The overall rate of stoma formation was 34.2% (708/2073), which was more frequent than the rate of 27.2% in the prepandemic era (1573/5792). The change in practice of patients having a COVID‐stoma was small: 4.3% (90/2073) of all patients (Table 2). Of patients with a new COVID‐stoma, 70% (63/90) had an end stoma, far greater than the prepandemic rate for end stoma formation of 43.6% (686/1573) (Table 5). Colorectal trainees were more likely to be the named lead surgeon when defunctioning COVID‐stomas were formed (8.3%, 11/133) when compared with colorectal consultants (0.9%, 13/1521) and general surgical consultants (0.6%, 2/322) Table 2. This contrasts with the prepandemic era when a colorectal trainee was the named lead surgeon in 4.4% (97/2218) of procedures where a stoma was formed. More COVID‐end‐stomas were formed in patients undergoing rectal resections, in those who had an open approach to surgery and in those who received either no neoadjuvant therapy or long‐course neoadjuvant radiotherapy (Table 2). This is also reflected in an increase in the number of end stoma formations in rectal resections during the pandemic era (27.3%, 255/935) when compared with the prepandemic era (23.7%, 613/2579) and a decrease of formation of anastomosis without a defunctioning stoma during the pandemic (37.4%, 350/935) compared with prepandemic levels (42.8%, 1103/2579). The proportion of COVID‐stomas compared with all stomas is shown in Table S3.

TABLE 2

Additional number of stomas formed due to COVID‐19 in relation to all patients undergoing surgery

	COVID‐defunctioning‐stoma/all operations		COVID‐end‐stoma/all operations
	n	%	n	%
Overall
New COVID‐stomas	27/2073	1.3%	63/2073	3.0%
Sex
Female	11/837	1.3%	24/837	3.1%
Male	16/1236	1.3%	39/1236	3.2%
ASA grade
1–2	23/1420	1.6%	36/1420	2.5%
3–5	4/647	0.6%	26/647	4.0%
Age (years)
<50	3/174	1.7%	2/174	1.1%
50–69	15/966	1.6%	31/966	3.2%
≥70	9/933	1.0%	30/933	3.2%
Operation
Right resection	1/724	0.1%	10/724	1.4%
Left resection	2/367	0.5%	7/367	1.9%
Rectal resection	24/935	2.5%	45/935	4.8%
Total/subtotal/panproctocolectomy	0/47	0	1/47	2.1%
Disease stage
I–II	11/838	1.3%	31/838	3.4%
III	13/653	2.0%	30/653	4.6%
IV	3/133	2.3%	2/133	1.5%
Neoadjuvant radiotherapya
Short course	3/89	3.4%	1/89	1.1%
Long course	5/206	2.4%	9/206	4.4%
None	16/674	2.4%	35/674	5.2%
Approach
Minimally invasive	11/1185	0.9%	18/1185	1.5%
Open	15/786	1.9%	42/786	5.3%
Minimally invasive converted to open	1/102	0.9%	3/102	2.9%
Anastomotic techniqueb
Stapled	25/1474	1.7%	N/A	N/A
Hand sewn	2/248	0.8%	N/A	N/A
Seniority
Colorectal consultant	13/1521	0.9%	45/1521	3.0%
Colorectal trainee	11/133	8.3%	3/133	2.3%
General surgery consultant	2/322	0.6%	11/322	3.4%
General surgery trainee	1/84	1.2%	5/84	6.0%

Percentage (%) is the increased number of new stomas (COVID‐stoma) formed during the COVID‐19 pandemic out of the total number of patients who had an operation in each group.

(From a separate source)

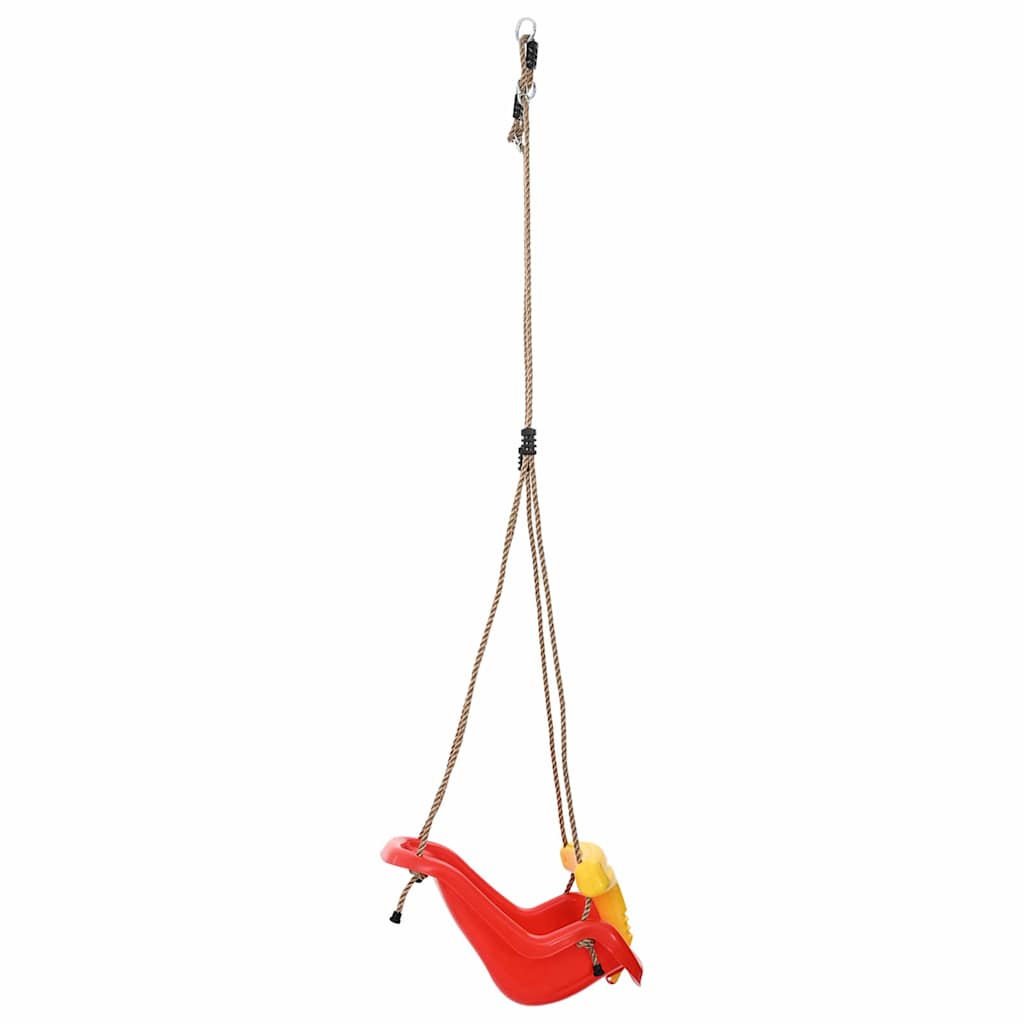 Houpačka Pro Miminka 2 Ks Červená 36 X 43 X 42 Cm Plast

Of patients who had an operation involving the rectum.

Of patients who had an anastomosis.

Of all rectal resections, 7.4% (69/935) received a COVID‐stoma (Figure 1), representing 76.7% of all COVID‐stomas (n = 90). In right colonic resections, 11 COVID‐stomas were formed (1.5% of 724 right resections), nine were formed in left colonic resections (2.5% of 367 left resections) and one COVID‐stoma was formed from the total/subtotal/panproctocolectomy group (2.1% of 47; Table 2).

FIGURE 1

Flowchart of the type of stoma‐anastomosis configuration broken down by operative region and if patients had a change in stoma practice due to COVID‐19 (COVID‐stoma)

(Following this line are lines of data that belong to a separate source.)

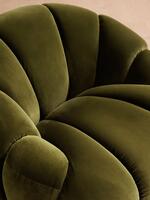 Garret Armchair - Velvet - Olive - Images - Thumbnail 5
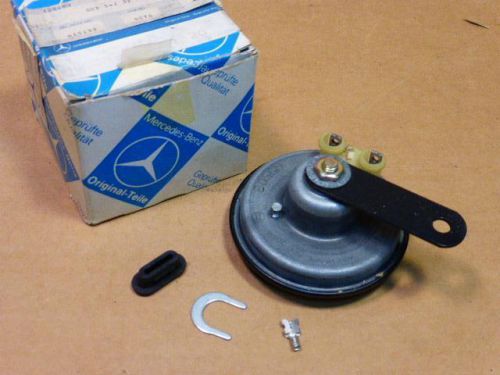 Mercedes benz nos 0035423120 horn high note tone 400 hz new oem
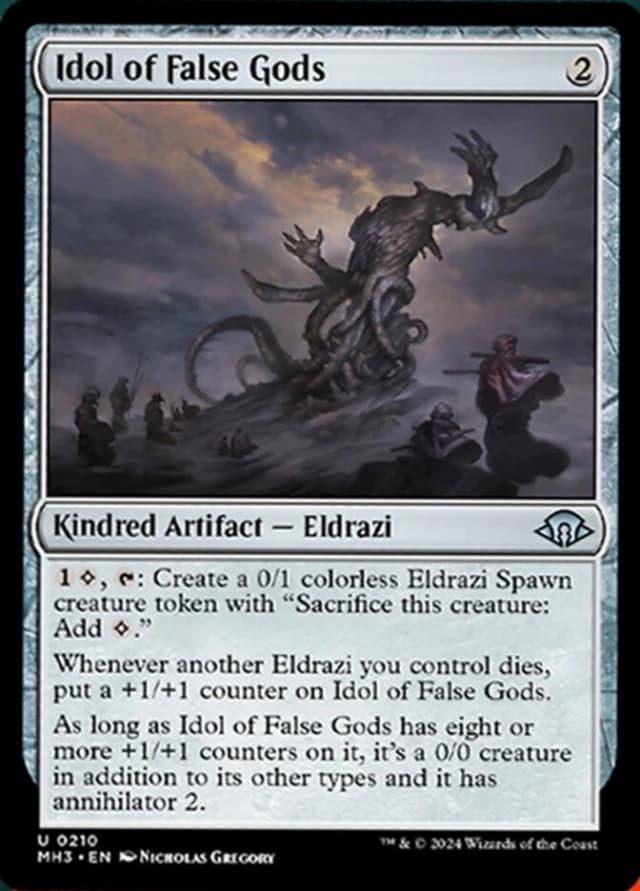 Idol of False Gods image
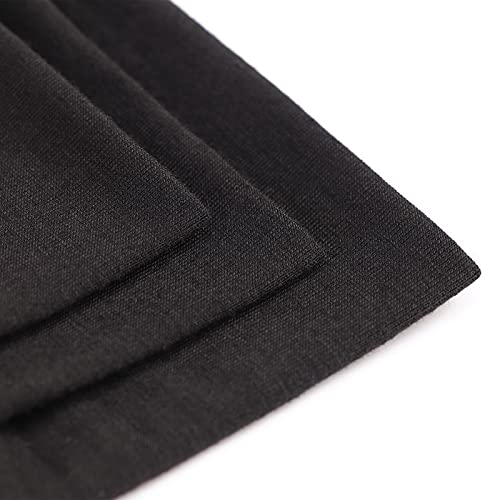 Image of DRESHOW 6 PCS Adjustable Headbands for Women Knotted Headbands Elastic Non-Slip Fashion Hair Bands for Workout Sports Running Yoga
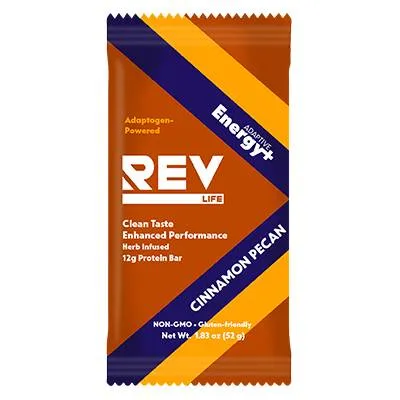 REV Cinnamon Pecan Energy Bar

There were slight but nonsignificant differences in patients who had a COVID‐stoma compared with those who did not (Table 3), including a slight increase in anastomotic leak (7.4% versus 4.9%) and intensive care usage (29.9% versus 22.5%) and slight decrease in mortality (1.1% versus 1.9%). There was shorter length of stay in the group with a COVID‐stoma (4.5 days versus 6.0 days). Similarly, no difference in outcomes was observed in patients undergoing COVID‐stoma when stratified by cancer location (Table S4).

TABLE 3

Outcomes stratified by additional stoma formation due to COVID‐19 (COVID‐stoma)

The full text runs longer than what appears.